Solsticio de invierno

 

El sol se encaramó sobre las cumbres de las colinas para asomarse sobre el valle. Todavía escondido, observó por un instante su descanso. Vio cómo las flores dormían, cómo dormían los animalitos de la granja sin que ninguno hiciese caso de la serenata del riachuelo que, como una flauta alargada y bruñida, cantaba murmullando.

El sol pensó: «¡Qué flojos!» De inmediato, tuvo ganas de hacer una travesura, una que hacía tiempo había pensado llevar a término: despertaría a todos echándoles encima baldes de su pintura dorada, brillante y caliente. Riéndose, mientras imaginaba la sorpresa del gato, la atónita cara de la vaca y los rebuznos asustados del burrito, fue trepando silenciosamente.

Pero el asustado fue él; cuando ya estaba a punto de derramar los baldes por las laderas, el gallo blanco, que siempre lo vigilaba, lanzó su kikirikí de alerta por toda la llanura. ¡Pobrecito sol! Fue tanta su sorpresa que volteó el primer balde sobre su elegante traje rojo pintándolo todo de dorado y dándose, de paso, una quemada de padre y señor mío.

Al canto del gallo, todos los habitantes de la granja comenzaron a abrir los ojos, dándose cuenta de los pesares del pobre sol. Entre bostezos y risas se despertó el araguaney, en un coro de flores amarillas. Por supuesto, reírse bostezando no es muy recomendable y a las flores del araguaney les dio hipo, por bobas. Tantos fueron los hipidos, que los sapitos del arroyo pensaron que sus primos habían venido de visita y se pusieron a contestarles, de modo que en un segundo se armó un grandísimo barullo de croar y de hipo.

Turdus rudigenis: Paraulata ojo de candil

Desde el conuco voló la paraulata, quien cantaba a carcajadas tratando de acercarse al sol para fastidiarlo. Éste se puso tan bravo que comenzó a subir por el cielo, alejándose, a lo que la paraulata se reía todavía más.

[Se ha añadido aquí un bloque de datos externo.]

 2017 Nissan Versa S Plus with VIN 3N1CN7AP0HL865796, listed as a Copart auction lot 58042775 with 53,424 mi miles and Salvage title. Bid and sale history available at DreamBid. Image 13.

Al becerrito le dio lástima el sol, y mugiéndole le decía: «Sol, sol, solecito. No te vayas. Quédate a jugar con nosotros». Pero el sol no quería atenderlo. Seguía subiendo y subiendo, hasta que se sentó sobre una nube a secarse las ropas.

Por debajo de él, subida a las colinas, apareció la brisa. El sol le llamaba: «¡Brisa, ven y sopla sobre mí para secar mis ropas!» La brisa creyó que el sol estaba muy mal educado para ordenar las cosas así, en vez de pedirle el favor. Y por eso, la brisa lo dejó solo y se puso a silbar hacia el araguaney y las flores de éste danzaron el primer vals, y los animales vinieron a bailar también a su alrededor.

Vals de las flores *

El sol estaba furioso. De hecho, estaba lo que se dice calientísimo y quería acabar con la fiesta a fuerza de rayos de calor. Mas la nube no se lo permitía.

Al finalizar un baile, el becerrito llamó a los animalitos y a la brisa a conversar al lado de las flores. Cuando los tuvo a todos reunidos les mugió dulcemente, en secreto para que el sol no pudiera escucharlo, aunque éste estaba tan lejos que si el becerro hubiera mugido en alta voz tampoco lo hubiese oído. El becerrito, poco a poco, los convenció a todos para que trataran de calmar al sol y lo invitaran a la fiesta.

No fue fácil. Las flores no querían interrumpir el baile; a fin de cuentas, se habían puesto hoy su mejor vestido. Y el gato, siempre suspicaz, advertía: «Si lo invitamos a la fiesta, nos va a achicharrar a todos». Pero la brisa decidió que subiría hasta la nube a soplar sobre el sol para enfriarle el mal humor, así que hasta allá fue, mientras los demás llamaban al sol con las manos.

Todo fue cuestión de unos minutos. La brisa sopló sobre él hasta ponerlo seco y fresquecito. Cuando lo tuvo así le sopló las plantas de los pies y el sol, quien como es muy sabido es bastante cosquilloso, no tuvo más remedio que reírse.

Los animales aplaudían, contentos, y continuaban llamándolo para reanudar la fiesta. Al fin, el sol comenzó a bajar por el otro lado de la cuesta un poco sonrojado de vergüenza, pero pronto se le olvidó todo cuando comió con los demás un poco de dulce de arco iris que la nube enviaba de regalo.

¿Me concede esta pieza?

Y así continuó el baile: la brisa silbando, los sapitos croando, la paraulata y el gallo cantando, mientras la nube se mecía y el becerro tomaba de la mano al sol formando un corro con el gato y el burrito, y las flores bailaban, coquetísimas.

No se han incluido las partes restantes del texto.